Security: The Achilles’ Heel of AI Systems

Not a lot of people are talking about it, the security of a large percentage of agentic systems is weak.

The truth is that, at this point, only a few people care about the security of AI systems and workflows. The tricky part is that to compromise these systems, most of the time, you don’t have to be too technical or too smart, all you need is the ability to use words well to manipulate.

AI systems being vulnerable to prompt injection is actually a critical issue that is quite overlooked. As interconnectivity expands, vulnerability becomes more impactful across different areas. The other day, we explored how tool poisoning could be used to hijack MCP-based systems and be used to exfiltrate data.

The danger that vulnerability to prompt injection presents is unprecedented, and it will be the downfall of many AI systems. It is similar to SQLi injections, which caused a lot of damage to infrastructure in the late 2000s. Prompt injection is actually easier and more dangerous. It can be used to hijack systems and get them to carry out malicious intent.

Why This Matters Now

AI is rapidly being integrated into healthcare, finance, defense, education, and critical infrastructure. With the surge in agentic AI and autonomous systems, the cost of failure has skyrocketed. It’s no longer just about chatbots misbehaving, it’s about entire systems being manipulated to leak confidential data, approve fraudulent transactions, or give false diagnoses. The silence on this issue is worrying.

How Do We Protect This Achilles’ Heel?

I did a lot of digging and brainstorming trying to figure out the best way to protect against the vulnerabilities in AI systems, and here are some tips you could apply to protect yourself:

1. NEVER GIVE THE SYSTEM EXPLICIT ACCESS TO SENSITIVE DATA:

Try your best to ensure your AI system doesn’t have direct access to sensitive data like API keys, database credentials, user tokens, private documents, internal tools, or any privileged commands. The reason is simple: AI systems can be manipulated. If a malicious prompt gets through and it will; it can convince the system to reveal, forward, or act on that data in ways you didn’t anticipate.

Don’t assume that just because your model is running “server-side” or “behind the scenes,” it’s safe. Prompt injection works because it abuses the logic of the system, not just the access level. Even something as seemingly harmless as asking the AI to “summarize recent logs” could be exploited to make it leak confidential info if those logs include tokens or personal data.

Use indirection wherever possible. Instead of handing the AI the key, build middleware APIs or isolated services that require validation or limit what can be exposed. Keep AI in a read-only context with strict filters and redactions, especially when dealing with anything production-facing or sensitive.

At the end of the day, your AI should act like someone on a need-to-know basis and most times, it doesn’t need to know.

2. Flag Malicious Prompts with Classifiers:

Classifiers are systems that are used to determine if a prompt is malicious or not but here’s the tricky part: you can’t always distinguish a malicious prompt from a normal one, and this can dwarf the efficiency of the entire system.

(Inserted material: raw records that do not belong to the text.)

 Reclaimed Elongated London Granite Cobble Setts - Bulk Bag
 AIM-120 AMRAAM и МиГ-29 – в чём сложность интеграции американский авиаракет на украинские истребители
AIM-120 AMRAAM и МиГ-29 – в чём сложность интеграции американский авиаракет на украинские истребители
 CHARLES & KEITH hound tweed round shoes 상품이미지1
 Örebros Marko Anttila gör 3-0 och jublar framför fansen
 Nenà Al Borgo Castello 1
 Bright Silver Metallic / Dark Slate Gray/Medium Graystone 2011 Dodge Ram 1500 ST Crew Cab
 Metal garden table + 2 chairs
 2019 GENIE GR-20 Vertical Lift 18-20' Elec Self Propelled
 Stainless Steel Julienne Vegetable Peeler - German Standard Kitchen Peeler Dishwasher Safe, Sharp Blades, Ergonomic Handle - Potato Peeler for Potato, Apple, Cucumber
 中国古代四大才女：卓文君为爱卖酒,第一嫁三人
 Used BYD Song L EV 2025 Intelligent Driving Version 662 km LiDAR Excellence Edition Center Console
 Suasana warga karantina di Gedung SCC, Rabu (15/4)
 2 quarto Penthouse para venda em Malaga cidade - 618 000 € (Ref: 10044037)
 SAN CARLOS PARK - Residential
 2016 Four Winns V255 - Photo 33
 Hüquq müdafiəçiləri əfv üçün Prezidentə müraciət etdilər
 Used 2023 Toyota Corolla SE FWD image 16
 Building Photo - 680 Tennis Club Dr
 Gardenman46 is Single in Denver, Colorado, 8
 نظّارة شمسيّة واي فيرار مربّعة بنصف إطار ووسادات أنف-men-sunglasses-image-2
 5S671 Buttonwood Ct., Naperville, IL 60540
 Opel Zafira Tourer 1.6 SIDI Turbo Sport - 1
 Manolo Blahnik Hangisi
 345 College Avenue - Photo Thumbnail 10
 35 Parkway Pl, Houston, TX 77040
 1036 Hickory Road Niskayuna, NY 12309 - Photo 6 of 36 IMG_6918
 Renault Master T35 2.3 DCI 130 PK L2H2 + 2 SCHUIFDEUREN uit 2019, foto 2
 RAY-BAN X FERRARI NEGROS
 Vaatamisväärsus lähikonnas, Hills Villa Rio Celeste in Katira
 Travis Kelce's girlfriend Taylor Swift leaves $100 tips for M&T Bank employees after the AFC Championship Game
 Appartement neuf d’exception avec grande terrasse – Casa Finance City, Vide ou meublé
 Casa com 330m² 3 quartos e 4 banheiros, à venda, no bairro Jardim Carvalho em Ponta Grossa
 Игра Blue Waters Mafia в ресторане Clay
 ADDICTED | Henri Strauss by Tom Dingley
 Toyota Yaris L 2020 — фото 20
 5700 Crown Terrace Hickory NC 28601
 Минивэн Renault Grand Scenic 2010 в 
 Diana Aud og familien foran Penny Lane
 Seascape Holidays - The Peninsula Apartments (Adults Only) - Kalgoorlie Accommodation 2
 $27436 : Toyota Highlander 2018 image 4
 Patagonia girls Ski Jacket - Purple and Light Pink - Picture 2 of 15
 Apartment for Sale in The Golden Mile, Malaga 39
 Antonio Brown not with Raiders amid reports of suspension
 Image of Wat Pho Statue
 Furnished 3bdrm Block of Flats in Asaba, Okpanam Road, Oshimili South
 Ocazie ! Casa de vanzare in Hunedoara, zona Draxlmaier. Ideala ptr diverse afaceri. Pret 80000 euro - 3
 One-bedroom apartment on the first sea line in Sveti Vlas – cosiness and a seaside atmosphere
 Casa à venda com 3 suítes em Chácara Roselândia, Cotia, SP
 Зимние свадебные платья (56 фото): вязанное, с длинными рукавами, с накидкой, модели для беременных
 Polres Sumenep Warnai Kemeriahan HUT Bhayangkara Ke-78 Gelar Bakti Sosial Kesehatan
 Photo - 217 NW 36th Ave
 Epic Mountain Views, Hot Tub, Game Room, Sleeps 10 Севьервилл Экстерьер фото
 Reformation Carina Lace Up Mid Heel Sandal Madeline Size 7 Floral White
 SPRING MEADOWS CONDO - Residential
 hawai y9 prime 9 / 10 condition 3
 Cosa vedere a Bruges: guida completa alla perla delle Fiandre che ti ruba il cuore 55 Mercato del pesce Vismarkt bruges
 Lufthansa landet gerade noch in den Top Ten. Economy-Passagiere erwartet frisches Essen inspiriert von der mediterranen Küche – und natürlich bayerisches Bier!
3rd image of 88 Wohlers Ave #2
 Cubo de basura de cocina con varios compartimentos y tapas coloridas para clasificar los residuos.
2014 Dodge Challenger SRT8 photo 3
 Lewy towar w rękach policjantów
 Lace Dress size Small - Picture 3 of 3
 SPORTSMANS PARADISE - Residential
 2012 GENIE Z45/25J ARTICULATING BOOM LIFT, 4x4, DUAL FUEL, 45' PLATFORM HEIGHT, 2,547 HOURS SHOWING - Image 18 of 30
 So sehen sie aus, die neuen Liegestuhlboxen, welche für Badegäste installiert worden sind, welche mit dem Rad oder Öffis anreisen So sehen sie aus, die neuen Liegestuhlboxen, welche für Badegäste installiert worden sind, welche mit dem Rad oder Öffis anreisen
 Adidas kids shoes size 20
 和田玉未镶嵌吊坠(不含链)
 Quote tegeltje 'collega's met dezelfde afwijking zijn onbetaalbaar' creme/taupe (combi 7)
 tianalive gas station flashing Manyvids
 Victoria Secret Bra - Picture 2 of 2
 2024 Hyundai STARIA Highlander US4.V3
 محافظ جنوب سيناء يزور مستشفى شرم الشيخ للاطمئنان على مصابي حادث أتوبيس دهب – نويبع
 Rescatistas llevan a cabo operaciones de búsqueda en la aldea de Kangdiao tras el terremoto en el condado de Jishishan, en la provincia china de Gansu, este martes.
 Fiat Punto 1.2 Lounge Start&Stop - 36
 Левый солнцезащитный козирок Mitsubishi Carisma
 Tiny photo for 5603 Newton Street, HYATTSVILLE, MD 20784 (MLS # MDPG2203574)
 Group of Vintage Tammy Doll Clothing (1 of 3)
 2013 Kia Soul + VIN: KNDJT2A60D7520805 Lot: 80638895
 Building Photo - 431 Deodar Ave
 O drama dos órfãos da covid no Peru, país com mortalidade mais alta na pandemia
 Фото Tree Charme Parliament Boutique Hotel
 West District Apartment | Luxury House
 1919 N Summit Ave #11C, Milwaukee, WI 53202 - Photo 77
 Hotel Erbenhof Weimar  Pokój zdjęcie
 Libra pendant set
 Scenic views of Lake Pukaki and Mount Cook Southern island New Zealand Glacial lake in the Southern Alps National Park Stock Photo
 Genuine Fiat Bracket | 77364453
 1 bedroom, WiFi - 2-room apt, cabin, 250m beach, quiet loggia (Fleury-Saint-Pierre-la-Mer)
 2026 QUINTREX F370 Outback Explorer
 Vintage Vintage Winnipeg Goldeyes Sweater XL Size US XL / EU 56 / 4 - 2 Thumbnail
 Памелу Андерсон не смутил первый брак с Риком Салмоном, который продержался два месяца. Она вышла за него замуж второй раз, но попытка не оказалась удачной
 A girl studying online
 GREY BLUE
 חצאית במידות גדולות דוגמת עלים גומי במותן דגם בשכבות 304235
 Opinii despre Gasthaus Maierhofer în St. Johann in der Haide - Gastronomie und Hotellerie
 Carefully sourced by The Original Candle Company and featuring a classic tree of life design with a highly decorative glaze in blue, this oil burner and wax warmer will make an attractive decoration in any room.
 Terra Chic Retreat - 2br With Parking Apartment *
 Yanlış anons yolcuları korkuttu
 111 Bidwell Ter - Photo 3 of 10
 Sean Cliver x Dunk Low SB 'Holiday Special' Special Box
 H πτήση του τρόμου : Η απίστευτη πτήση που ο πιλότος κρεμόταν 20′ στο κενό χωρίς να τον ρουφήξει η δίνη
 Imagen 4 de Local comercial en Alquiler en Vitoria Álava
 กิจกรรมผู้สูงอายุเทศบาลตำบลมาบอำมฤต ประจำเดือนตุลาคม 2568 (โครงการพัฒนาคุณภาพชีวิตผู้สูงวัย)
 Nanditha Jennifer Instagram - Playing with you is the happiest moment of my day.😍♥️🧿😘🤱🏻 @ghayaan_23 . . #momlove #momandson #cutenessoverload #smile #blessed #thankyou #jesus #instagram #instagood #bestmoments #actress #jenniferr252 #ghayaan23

When genuine prompts get blocked, it annoys genuine users and locks them out from using the system.

Using Classifiers is one sure fire way to keep malicious prompts from being executed by your AI system, but there has to be a balance to where you use it. So, you don’t end up pissing off your actual users for genuine prompts.

3. Sandbox Actions:

Sandbox everything, every prompt, especially those that lead to the system taking actions. Those actions should be executed in a sandbox. That way, the system’s internal structure will be protected if the prompt turns out to be malicious.

We need to start building with security in mind not as an afterthought. Developers, startups, and researchers must adopt the mindset that every AI system is a potential attack surface. Just like how web developers learned the hard way to sanitize input fields, AI builders need to assume prompts can be hostile.

This requires new tooling, new awareness, and perhaps most importantly, a community-wide shift in how we think about AI capabilities vs. AI safety.

Security is the Achilles’ heel of AI systems.

It’s not flashy, it’s not trendy but it’s what will determine whether these systems thrive or collapse under the weight of exploitation. We’re building the future, but unless we start securing it, we’re also building the cracks it will fall through.

Let’s not repeat the same mistakes we made with the early web.